Hans-Viessmann-Schule und Werner-Wicker-Klinik arbeiten eng zusammen

Kooperation für hochqualifizierte Pflege

Bad Wildungen - Werner-Wicker-Klinik und Hans-Viessmann-Schule arbeiten Hand in Hand. Eine Kooperation wurde geschlossen. Sie soll helfen, hochqualifizierte Pflege auch in der Zukunft sicher zu stellen.

Vor dem Hintergrund der demografischen Entwicklung wird der Bedarf an qualifizierten Pflegekräften in den nächsten Jahren stetig zunehmen. Gleichzeitig nimmt die Zahl junger Menschen ab. Mit den Veränderungen der Alterspyramide stehen künftig immer weniger junge Leute für eine Ausbildung in der Gesundheits- und Krankenpflege zur Verfügung.

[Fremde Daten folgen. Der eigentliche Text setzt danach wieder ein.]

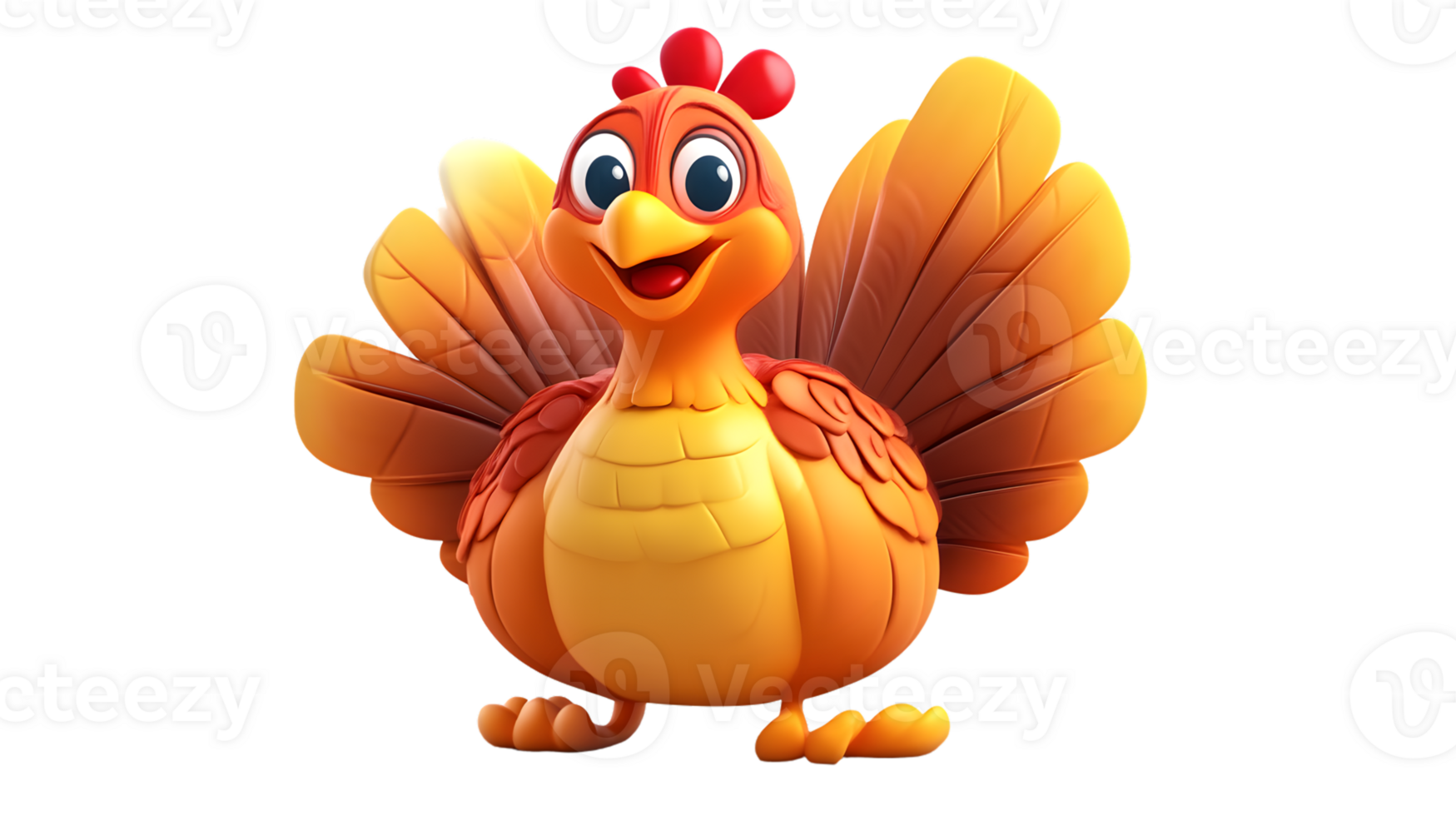 A cheerful cartoon turkey with vibrant feathers and a friendly expression perfect for festive png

Dabei bieten gerade Krankenhäuser den Gesundheits- und Krankenpflegekräften ein attraktives Arbeitsumfeld mit zahlreichen Möglichen der beruflichen Weiterentwicklung, erläutert die Klinikleitung. Eine qualifizierte Ausbildung in der Krankenpflege bildet die Grundlage für eine anschließende berufliche Weiterentwicklung und eröffne zahlreiche Karrierechancen. Das Bildungszentrum der Werner-Wicker-Klinik will die ohnehin schon hohe Ausbildungsqualität festigen, die sie im Rahmen der Krankenpflegeausbildung seit vielen Jahren gewährleistet, und noch weiter ausbauen. Aus diesem Grund haben die Hans-Viessmann-Schule und das Bildungszentrum an der WWK einen Kooperationsvertrag abgeschlossen, um künftig in der schulischen und der klinischen Ausbildung eng zusammenzuarbeiten.

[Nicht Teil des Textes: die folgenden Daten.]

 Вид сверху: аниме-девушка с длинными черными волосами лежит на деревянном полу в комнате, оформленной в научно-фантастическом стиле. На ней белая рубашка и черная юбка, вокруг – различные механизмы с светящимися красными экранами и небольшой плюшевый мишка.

Gemeinsam mit WWK-Verwaltungsdirektor Heiner Stumpf unterzeichneten der Leiter des WWK-Bildungszentrums, Klaus Spohr, der Schulleiter der Hans-Viessmann-Schule, Carsten Placht und Abteilungsleiter Wilhelm Bauer, einen zunächst auf drei Jahre ausgelegten Kooperationsvertrag, der ab Beginn des Schuljahres 2014/2015 in Kraft tritt.

Spohr: „Gesundheits- und Krankenpflege ist ein hochqualifizierter Beruf, der als Ausbildungsvoraussetzung schulisch gut qualifizierte Bewerberinnen und Bewerber benötigt.“ Die enge Kooperation der Bildungsträger soll die Ausbildung in der Gesundheits- und Krankenpflege auch in Zukunft sichern. Schulleiter Carsten Placht: „Für die Berufsfach- und Fachoberschule erhoffen wir uns weiter steigende Schülerzahlen, da wir durch den Kooperationsvertrag eine Ausbildungsgarantie in einem zukunftssicheren Beruf anbieten können“.

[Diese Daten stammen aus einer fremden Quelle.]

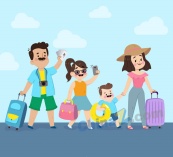 卡通夏季旅行家人插画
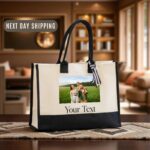 Family, Friend, or Business Photo and Text Custom Tote Bag, Personalized Photo Tote, Custom Gift Bag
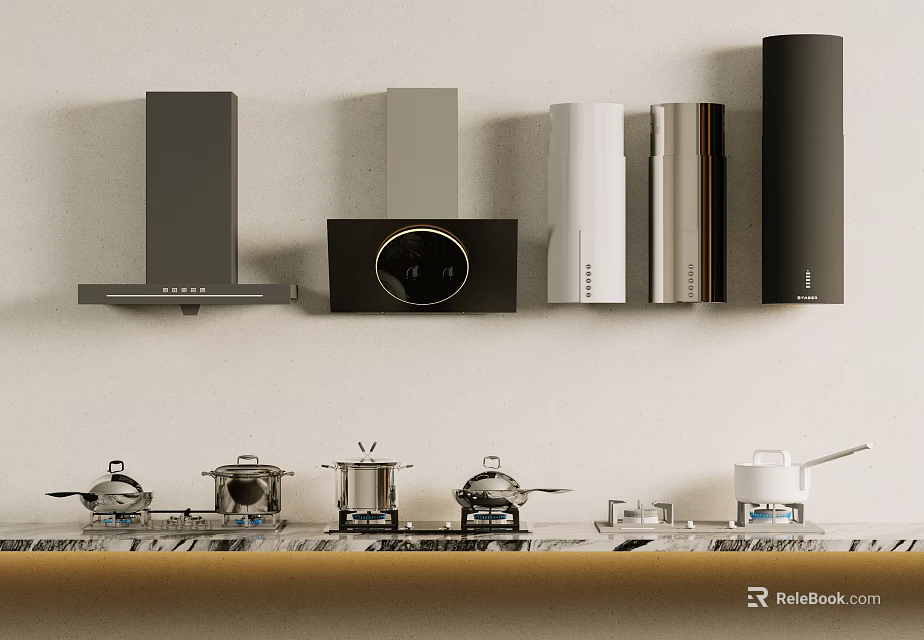 Modern Kitchen Appliances Collection Featuring Range Hoods Ovens Microwaves And Cookware 3d model 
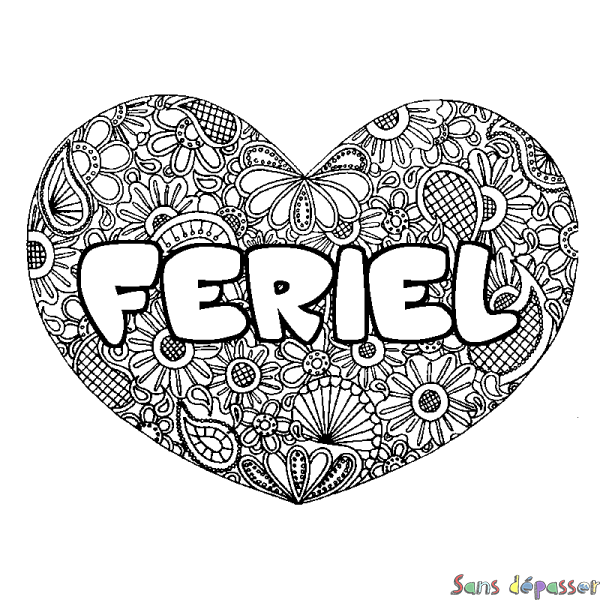 Coloriage pr&eacute;nom FERIEL - d&eacute;cor Mandala coeur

Zu dem unterzeichneten Kooperationsvertrag sagte WWK-Verwaltungsdirektor Heiner Stumpf: „Das Bildungszentrum an der Werner-Wicker-Klinik wird Schülerinnen und Schülern der Berufsschule für medizinisch-technische Berufe und der Fachoberschule für Gesundheit ein Ausbildungsverhältnis in der Gesundheits- und Krankenpflege bieten.“ Voraussetzungen seien allerdings gute Noten in der Berufsschule beziehungsweise befriedigende Noten in der Fachoberschule und ein mindestens zweiwöchiges Pflegepraktikum mit einer positiven Bewertung. Interessierten Schülern werde die Möglichkeit angeboten, das notwendige Pflegepraktikum in der Wicker-Klinik abzuleisten, merkte Stumpf an.